This post is a summary of Professor S.C. Duta Roy’s lecture at IIT, which can be found at this link.
Objectives
- Understand the characteristics of Chebyshev filters compared to Butterworth filter.
- Understand the characteristics of Chebyshev polynomials.
- Understand the determination methods for the implementation conditions of Chebyshev filters, namely the value of $N$ and $\epsilon$.
1. Characteristics of Chebyshev filters
a. Introduction to Chebyshev Filter
Like the Butterworth filter, the Chebyshev filter is an all-pole filter that is primarily designed for low-pass filter design.
As described in the previous post about the Butterworth filter, this post will also focus on the design of low-pass filters using Chebyshev filters.

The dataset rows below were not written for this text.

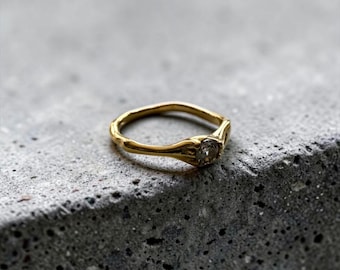Può includere: Un anello in oro con una fascia dalla forma organica e irregolare, caratterizzato da una singola piccola pietra preziosa rotonda e trasparente incastonata a griffe. La superficie metallica lucida e riflettente mette in risalto il design.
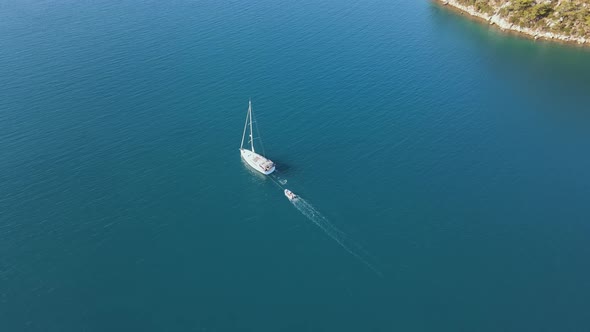 Aerial drone tracking video of luxury yacht cruising in blue open sea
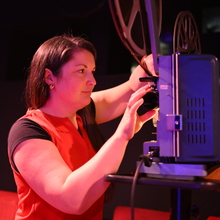 A still of Rosie Taylor operating a projector.
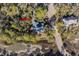 Beautiful aerial view of home site surrounded by mature trees and marshland at 2947 Deer Point Dr, Seabrook Island, SC 29455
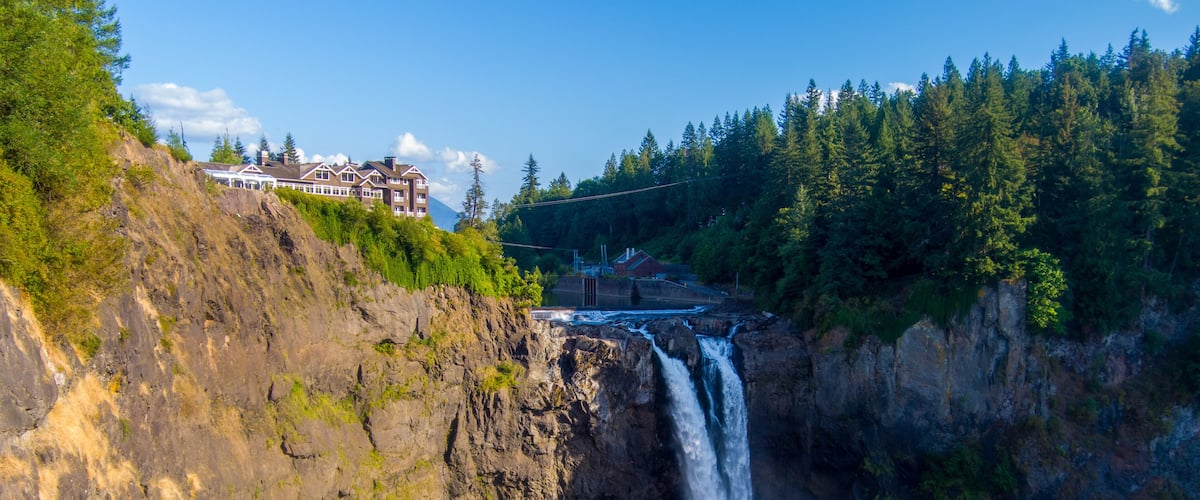 A waterfall cascading down a rocky cliff into a river, surrounded by dense forest and a building on a hill.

In general, the Chebyshev filter can be considered the closest to an ideal filter when compared to other types of filters, excluding elliptic filters. This is because for the same filter order ($N$) and specification requirements, the transition band is the narrowest and the transition slope is the steepest.
Note that elliptic filters can only be created using numerical methods. Therefore, excluding elliptic filters, the Chebyshev filter is the most optimal type of filter that can be determined through mathematical equations.
b. Shape of Chebyshev Filters
So let’s take a look at the rough shape of the Chebyshev filter.
Figure 1. Rough form of Chebyshev filter
Source: Wikipedia Chevyshev filter
The most notable characteristic visible from its appearance is the ripple within the passband.
To list some of the characteristics of the Chebyshev filter in more detail:
① It is not a monotonic filter.
② It has equal ripple (Equi-Ripple).
In Type I Chebyshev filters, there is ripple within the passband, but the stopband shows a monotonic trend. In contrast, Type II shows the opposite trend, and Type II can be obtained by reversing Type I. However, Type I is preferred because Type II is vulnerable to unnecessary signal removal in the role of a lowpass filter.
As for the reason for ②, it will be explained in more detail later, but there is a difference between the ripple shape in the figure and the actual periodic ripple that exists, and there is also a formula for the ripple. The equation that determines the shape and period of the ripple is called the Chebyshev Polynomial and is denoted by $C_N(x)$.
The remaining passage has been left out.